Proxycizer 0.9 source code walk-through
The purpose of this document is to give an overview of the code layout and programming style of the package, and to make it easier for anyone (including myself) to extend it. If there isn't much documentation on this page for a particular class or program, chances are you'll find plenty of comments in the source, so please look there too. This document stays pretty high level, and describes the relationship between classes, not necessarily the implementation or interfaces themselves.
The code is split between two directories:
- libsrc, which contains the code for the Proxycizer libry, containing nearly all classes used in the package, and
- progsrc, which contains the stand-alone programs' top-level procedures (such as main).
libsrc/
Proxy classes
Not referring to the Proxy Class pattern, but to a set of classes that simulate web proxy-ish behavior.
- libsrc/Proxy.h
- All classes below inherit from the abstract base class Proxy, which mainly exports Proxy_request and Proxy_response types, and a Proxy::Request() method to accept requests. The Proxy class itself does nothing. It merely provides a common interface; derived classes must do all the work. A ProxyStats object is included in this class; most derived classes add their own stats to this so just calling the ProxyStats::Print() method on it will print out stats for all superclasses of the object.
- libsrc/ProxyCache.{h,cc}
- Sticks a basic cache with LRU replacement onto the proxy.
- libsrc/ProxyCacheQueryable.{h,cc}
- Derived from ProxyCache, this class adds a querying mechanism (using the Query method), so that other caches may find out if this cache is holding a specific object.
- libsrc/ProxyDB.h
- libsrc/ProxyCRISP.{h,cc}
- libsrc/ProxyHarvest.{h,cc}
- libsrc/ProxyRD.{h,cc}
- libsrc/ProxyRPDSD.{h,cc}
- libsrc/ProxyRPDSDCS.{h,cc}
- libsrc/ProxyRPDSDMS.{h,cc}
- The "bottom-level" (final, to use a Java term) classes that complete the implementations of specific proxy simulators. ProxyDB is a special class that uses a db file to return the correct sized object.
Trace readers
These classes are used to iterate over traces.
- libsrc/TraceReader.{h,cc}
- This base class takes care of opening files/pipes and providing iterator methods. It should templated on a type (typically derived from LogEntry) that provides the method GetOps(), which should return a pointer to a new object of type LogEntryOps. If constructed using a filename, it will also accept compressed files (assuming the file has an extension .gz).

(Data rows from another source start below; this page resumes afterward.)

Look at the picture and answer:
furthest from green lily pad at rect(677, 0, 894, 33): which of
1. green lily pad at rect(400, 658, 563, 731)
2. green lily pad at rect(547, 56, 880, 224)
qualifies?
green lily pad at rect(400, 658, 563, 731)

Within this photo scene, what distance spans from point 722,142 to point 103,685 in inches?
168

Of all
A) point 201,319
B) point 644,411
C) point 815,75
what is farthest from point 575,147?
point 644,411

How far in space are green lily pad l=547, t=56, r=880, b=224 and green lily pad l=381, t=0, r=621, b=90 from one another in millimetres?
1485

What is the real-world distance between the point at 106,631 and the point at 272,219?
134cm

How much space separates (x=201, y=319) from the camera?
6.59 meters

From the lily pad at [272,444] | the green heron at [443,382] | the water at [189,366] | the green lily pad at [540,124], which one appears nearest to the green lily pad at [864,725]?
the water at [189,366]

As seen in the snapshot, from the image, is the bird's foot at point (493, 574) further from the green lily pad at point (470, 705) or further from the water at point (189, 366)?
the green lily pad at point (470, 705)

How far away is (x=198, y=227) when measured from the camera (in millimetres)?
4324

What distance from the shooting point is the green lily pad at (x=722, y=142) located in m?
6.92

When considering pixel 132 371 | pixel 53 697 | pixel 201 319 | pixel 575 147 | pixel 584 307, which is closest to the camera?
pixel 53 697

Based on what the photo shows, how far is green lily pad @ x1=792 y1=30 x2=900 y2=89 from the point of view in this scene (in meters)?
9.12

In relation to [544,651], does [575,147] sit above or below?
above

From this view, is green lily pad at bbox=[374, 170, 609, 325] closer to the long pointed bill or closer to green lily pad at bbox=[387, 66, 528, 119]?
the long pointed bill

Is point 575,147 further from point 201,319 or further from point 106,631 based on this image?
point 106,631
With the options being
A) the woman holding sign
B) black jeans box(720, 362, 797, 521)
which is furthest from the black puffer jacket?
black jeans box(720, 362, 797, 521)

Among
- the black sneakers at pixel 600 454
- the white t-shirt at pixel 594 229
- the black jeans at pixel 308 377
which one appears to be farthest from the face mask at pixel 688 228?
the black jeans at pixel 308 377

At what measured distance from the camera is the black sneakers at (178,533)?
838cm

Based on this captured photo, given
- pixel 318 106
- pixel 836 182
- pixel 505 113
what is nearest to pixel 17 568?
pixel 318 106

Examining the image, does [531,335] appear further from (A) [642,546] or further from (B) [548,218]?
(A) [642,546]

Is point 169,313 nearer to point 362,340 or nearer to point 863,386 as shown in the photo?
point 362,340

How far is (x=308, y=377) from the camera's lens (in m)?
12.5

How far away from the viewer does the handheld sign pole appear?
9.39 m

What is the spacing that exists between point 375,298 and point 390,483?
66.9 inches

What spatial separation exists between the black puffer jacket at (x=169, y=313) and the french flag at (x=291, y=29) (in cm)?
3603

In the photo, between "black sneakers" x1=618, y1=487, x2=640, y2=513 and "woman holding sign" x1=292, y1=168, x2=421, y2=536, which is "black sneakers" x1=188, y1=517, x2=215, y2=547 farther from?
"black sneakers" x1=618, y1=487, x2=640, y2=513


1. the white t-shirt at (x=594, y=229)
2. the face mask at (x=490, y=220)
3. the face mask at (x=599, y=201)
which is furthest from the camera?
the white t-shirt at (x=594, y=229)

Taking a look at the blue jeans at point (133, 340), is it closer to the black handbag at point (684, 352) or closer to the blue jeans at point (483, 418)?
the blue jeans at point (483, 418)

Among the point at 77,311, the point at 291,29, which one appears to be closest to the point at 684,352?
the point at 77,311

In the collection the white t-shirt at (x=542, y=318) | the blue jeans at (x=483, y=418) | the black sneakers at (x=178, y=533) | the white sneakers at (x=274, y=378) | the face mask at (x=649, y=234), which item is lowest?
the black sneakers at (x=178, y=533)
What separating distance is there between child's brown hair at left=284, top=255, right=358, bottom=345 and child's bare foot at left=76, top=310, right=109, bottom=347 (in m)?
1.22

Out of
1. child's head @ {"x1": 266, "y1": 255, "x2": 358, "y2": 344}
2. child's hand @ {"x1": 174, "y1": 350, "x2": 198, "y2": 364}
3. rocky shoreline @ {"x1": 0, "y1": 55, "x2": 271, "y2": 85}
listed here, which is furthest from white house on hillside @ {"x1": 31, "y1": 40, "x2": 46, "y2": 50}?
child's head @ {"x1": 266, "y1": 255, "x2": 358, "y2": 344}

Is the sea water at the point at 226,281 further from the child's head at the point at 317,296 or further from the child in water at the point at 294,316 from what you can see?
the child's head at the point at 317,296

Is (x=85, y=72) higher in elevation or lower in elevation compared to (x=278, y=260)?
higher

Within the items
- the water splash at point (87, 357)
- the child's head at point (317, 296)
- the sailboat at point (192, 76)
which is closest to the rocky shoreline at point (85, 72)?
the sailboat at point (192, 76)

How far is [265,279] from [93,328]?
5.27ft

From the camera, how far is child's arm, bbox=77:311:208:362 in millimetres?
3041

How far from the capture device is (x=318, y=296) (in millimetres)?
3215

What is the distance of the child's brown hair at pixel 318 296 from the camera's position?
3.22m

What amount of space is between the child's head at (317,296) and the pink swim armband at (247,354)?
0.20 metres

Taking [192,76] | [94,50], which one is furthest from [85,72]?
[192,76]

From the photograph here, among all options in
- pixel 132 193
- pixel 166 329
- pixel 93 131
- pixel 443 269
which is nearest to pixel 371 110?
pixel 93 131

- libsrc/TraceReaderSequence.{h,cc}
- Use this class to treat several proxy trace logs as one large (concatenated) log. The TraceReaderSequence::Open() method can be called more than once to set up a series of log files. TraceReaderSequence is a TraceReader, and acts just like one. Even First() works correctly.

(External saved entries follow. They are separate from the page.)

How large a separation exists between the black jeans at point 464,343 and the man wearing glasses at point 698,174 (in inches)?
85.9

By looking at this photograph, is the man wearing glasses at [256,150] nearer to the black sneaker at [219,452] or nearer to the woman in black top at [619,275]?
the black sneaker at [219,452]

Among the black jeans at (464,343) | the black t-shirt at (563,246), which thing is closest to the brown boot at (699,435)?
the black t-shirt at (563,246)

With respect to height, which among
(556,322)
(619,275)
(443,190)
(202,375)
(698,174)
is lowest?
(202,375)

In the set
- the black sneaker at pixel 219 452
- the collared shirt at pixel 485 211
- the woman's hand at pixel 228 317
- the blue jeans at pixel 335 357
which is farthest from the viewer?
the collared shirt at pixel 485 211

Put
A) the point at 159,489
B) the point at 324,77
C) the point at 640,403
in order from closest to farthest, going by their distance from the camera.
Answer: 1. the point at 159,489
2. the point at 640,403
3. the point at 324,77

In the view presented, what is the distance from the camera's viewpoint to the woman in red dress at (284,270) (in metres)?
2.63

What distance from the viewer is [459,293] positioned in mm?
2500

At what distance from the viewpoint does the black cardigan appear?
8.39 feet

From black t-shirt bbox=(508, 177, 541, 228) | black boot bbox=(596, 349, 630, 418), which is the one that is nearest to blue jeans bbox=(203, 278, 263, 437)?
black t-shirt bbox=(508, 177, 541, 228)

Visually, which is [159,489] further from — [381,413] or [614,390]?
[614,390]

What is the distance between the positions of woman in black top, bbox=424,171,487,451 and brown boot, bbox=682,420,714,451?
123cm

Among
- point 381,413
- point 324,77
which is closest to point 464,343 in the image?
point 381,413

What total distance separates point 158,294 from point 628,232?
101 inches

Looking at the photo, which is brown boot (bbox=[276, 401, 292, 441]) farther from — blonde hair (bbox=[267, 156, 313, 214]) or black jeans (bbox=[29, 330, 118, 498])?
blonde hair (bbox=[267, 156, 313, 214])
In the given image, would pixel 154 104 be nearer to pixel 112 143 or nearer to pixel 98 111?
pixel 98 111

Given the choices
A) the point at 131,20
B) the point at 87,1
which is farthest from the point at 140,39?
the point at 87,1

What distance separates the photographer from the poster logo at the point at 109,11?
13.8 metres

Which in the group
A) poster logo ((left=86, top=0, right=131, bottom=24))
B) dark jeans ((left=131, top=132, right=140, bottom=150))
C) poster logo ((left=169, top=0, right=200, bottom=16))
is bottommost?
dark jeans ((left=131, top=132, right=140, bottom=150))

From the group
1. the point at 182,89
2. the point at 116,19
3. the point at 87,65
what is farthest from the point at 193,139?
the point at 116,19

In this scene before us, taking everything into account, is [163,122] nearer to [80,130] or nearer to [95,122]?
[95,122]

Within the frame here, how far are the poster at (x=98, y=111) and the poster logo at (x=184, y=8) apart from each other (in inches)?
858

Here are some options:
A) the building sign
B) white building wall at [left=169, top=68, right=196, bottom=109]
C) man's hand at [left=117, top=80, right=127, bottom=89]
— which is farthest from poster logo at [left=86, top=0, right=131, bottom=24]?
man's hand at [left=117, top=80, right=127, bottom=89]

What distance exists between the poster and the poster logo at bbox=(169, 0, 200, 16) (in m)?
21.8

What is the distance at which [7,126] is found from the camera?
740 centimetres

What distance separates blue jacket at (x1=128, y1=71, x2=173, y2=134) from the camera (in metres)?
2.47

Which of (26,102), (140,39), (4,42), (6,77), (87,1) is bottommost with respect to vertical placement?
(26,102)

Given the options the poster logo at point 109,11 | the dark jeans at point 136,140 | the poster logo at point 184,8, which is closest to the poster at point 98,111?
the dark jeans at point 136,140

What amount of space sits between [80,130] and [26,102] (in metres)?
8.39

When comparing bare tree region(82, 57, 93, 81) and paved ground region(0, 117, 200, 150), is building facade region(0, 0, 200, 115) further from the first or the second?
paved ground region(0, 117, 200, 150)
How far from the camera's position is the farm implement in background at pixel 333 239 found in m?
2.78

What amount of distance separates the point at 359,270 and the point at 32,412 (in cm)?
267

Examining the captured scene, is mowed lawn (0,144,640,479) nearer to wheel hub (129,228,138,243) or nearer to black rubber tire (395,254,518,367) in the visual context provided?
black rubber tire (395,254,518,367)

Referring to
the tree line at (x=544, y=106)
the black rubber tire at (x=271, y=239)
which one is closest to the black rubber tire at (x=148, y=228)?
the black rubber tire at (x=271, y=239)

- libsrc/BufferedTraceReader.{h,cc}
- BufferedTraceReader keeps a buffer cache of entries while walking through the log. The "B-" versions of the iterator methods add elements to the buffer cache, and allow the user to traverse the buffer cache, reaccessing previously seen elements. Elements are deleted with BufferedTraceReader::BDelete; any element in the buffer cache can be deleted using this method.
Proxy trace writers
- libsrc/TraceWriter.{h,cc}
- This is fairly self explanatory. Similar to TraceReader, but exports a Write() method to write a entry (of templated type, usually derived from LogEntry) to a file.
Log entry classes
The opening of files is done by the TraceReader classes described previously, but the reading and parsing of a log entry is delegated to these classes and their corresponding -Ops classes. The data classes are all derived from LogEntry. They represent the data contained in one log entry. The operation classes are all derived from LogEntryOps. These define a mechanism for reading/writing their corresponding data class from/to their external representations via a file/pipe/stream/buffer. A LogEntryOps class exports the following methods:
All "read" methods return a new LogEntry in *lepp if *lepp == NULL. Otherwise they assume that *lepp points to enough storage to hold the resulting LogEntry. UberLogEntrys are a special case. See UberLogEntry for details.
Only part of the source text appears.